Below we will see how we can get data from a website (Web scraping) and then analyze it and draw statistical conclusions using the programming language Python
I will not go into the process of explaining the code, the scripts are ready and available for free at GitHub and anyone can use them or customize them as they like!
What is Web scraping?
By the term Web scraping we mean the extreatment data from a website using a program software. There are many programs of this type, such as ScrapeStorm which does a great job, but it's not free .. With the free version you can only use it once a day and it can only export 100 lines of one table at a time. Otherwise you have to pay about 50 € per month to have full operation! Of course not!
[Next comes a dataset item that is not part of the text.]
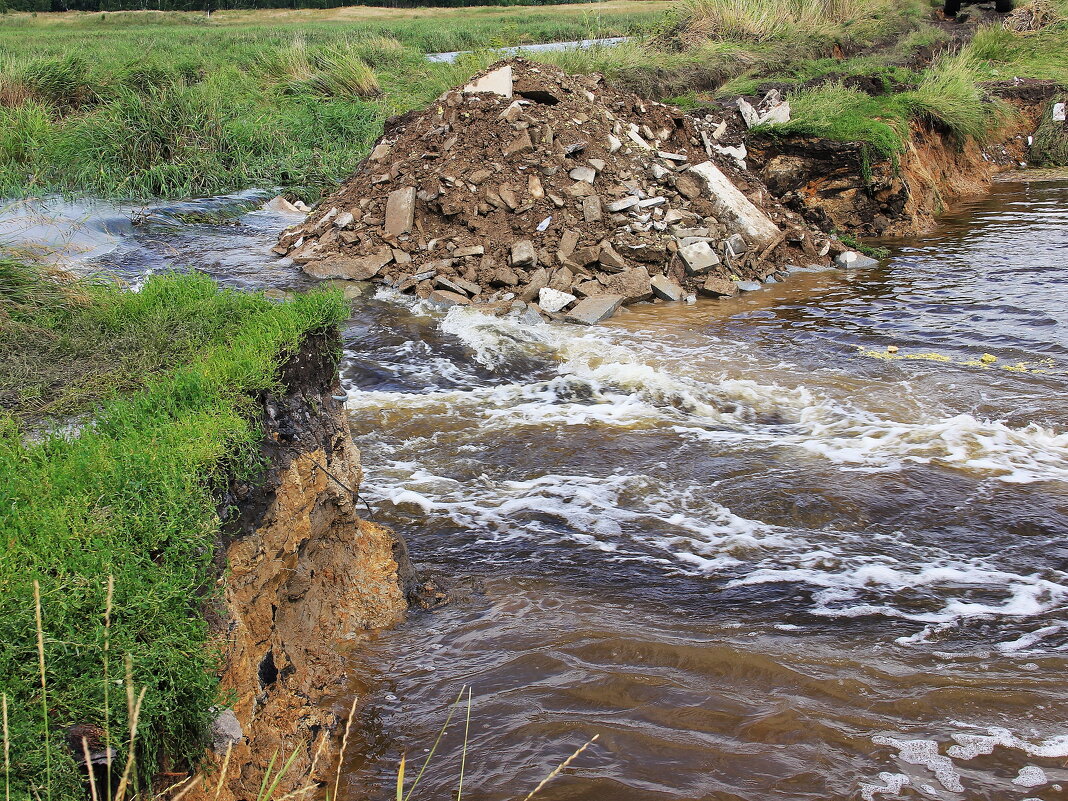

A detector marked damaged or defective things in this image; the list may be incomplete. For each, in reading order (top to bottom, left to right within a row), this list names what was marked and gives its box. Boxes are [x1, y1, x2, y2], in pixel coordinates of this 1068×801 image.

broken concrete slab [559, 294, 623, 326]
Obviously this did not cover me either so I wrote my own script in Python that exports everything from its page wordometers.
You can see the code here.
How does the scrap script work?
The script is simple, as you will see it is only 15 lines of code along with the spaces. Uses a package, the covid 2.2.6th, created by Johns Hopkins University and helps us gather the information we want from the above website. What I did was compile all this data into a .csv file so that we could later process it in some programming language. In short, I create a database on a daily basis, with just the push of a button and above all for free! I save this database on GitHub and can use it from anywhere.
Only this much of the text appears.